Date: Wed, 25 Apr 2007 22:50:39 -0400
Reply-To: "Howard Schreier <hs AT dc-sug DOT org>" <nospam@HOWLES.COM>
Sender: "SAS(r) Discussion" <SAS-L@LISTSERV.UGA.EDU>
From: "Howard Schreier <hs AT dc-sug DOT org>" <nospam@HOWLES.COM>
Subject: Re: OT: Chance to Make SAS-L History: Did You Know That...

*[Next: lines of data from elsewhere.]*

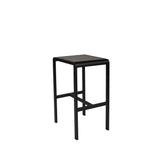 The Sid Barstool features a black, modern, minimalist design with a square flat seat and four straight legs in wood-look aluminum, perfect for outdoor/indoor spaces. Its sleek lines stand out against a plain white background.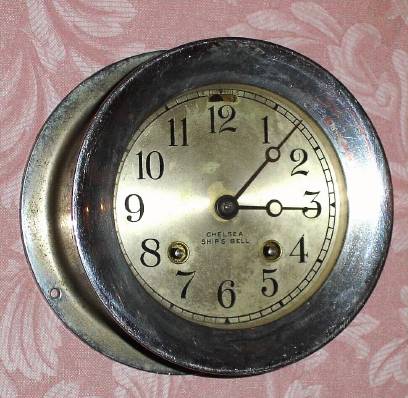 C.1940, Chelsea Clock Co., CHELSEA model, ship's bell, 8-day in a nickel plated case, serial 281942, 4.5" dial, screw bezel. — Antique Clocks Price Guide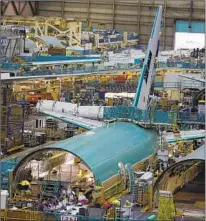  ?? Francine Orr Los Angeles Times ?? THE DEALS have created “nervous excitement” among suppliers, an executive said. Above, Boeing’s Everett, Wash., plant.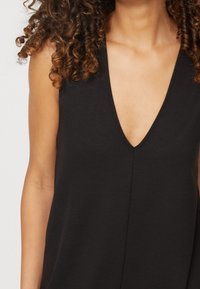 Top negro sin mangas con un diseño de escote en V profundo, hecho de una tela suave. Presenta una costura central y un ajuste relajado.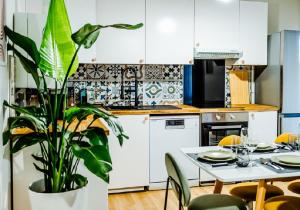 a kitchen with a table and a potted plant at OASIS - 10 min from Disney, Free Parking, Self-Checkin in Montévrain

Content-Type: text/plain; charset=ISO-8859-1
On Wed, 25 Apr 2007 14:52:10 -0400, Paul St Louis <pstloui@DOT.STATE.TX.US>
wrote:
>Did you know that you can subset obs using Proc Format? Who woulda thunk.
>
>Data set SMALL
>Obs ID
>1 2
>2 4
>3 5
>
>Data set LARGE
>Obs ID N
>1 1 1
>2 2 1
>3 2 2
>4 3 1
>5 3 2
>6 3 3
>7 4 1
>8 4 2
>9 4 3
>
>Use PROC FORMAT to create a temporary format that assigns all ID values in
>data set SMALL the same label. Then use a WHERE statement to subset
>observations from data set LARGE where the formatted value of ID equals
>that label. The format serves, in effect, as a “lookup table.” For example:
>
>proc format;
>value $key '2','4','5' = 'Y'
>other = 'N' ;
>run;
Even better, use the CNTLIN= option to create the format from SMALL, instead
of manually transcribing values into a VALUE statement.
>
>data subset;
>set large;
>where put(id,$key.) = 'Y' ;
>run;
>
>Use PROC FORMAT to create a temporary character format named $KEY. The
>values ‘2’, ‘4’, and ‘5’ will be formatted as ‘Y’. All other values will be
>formatted as ‘N’.
>
>Create data set SUBSET with the DATA statement.
>
>Read observations from data set LARGE with the SET statement.
>Load only those observations where the value of ID, formatted with $KEY.
>via the PUT function, equals ‘Y’ with the WHERE statement. Observations
>with ID values ‘2’, ‘4’, and ‘5’ are written to data set SUBSET.
>
>Excerpt from
>Subsetting Observations from Large SAS® Data Sets
>Christopher J. Bost, MDRC, New York, NY
>NESUG 2006
|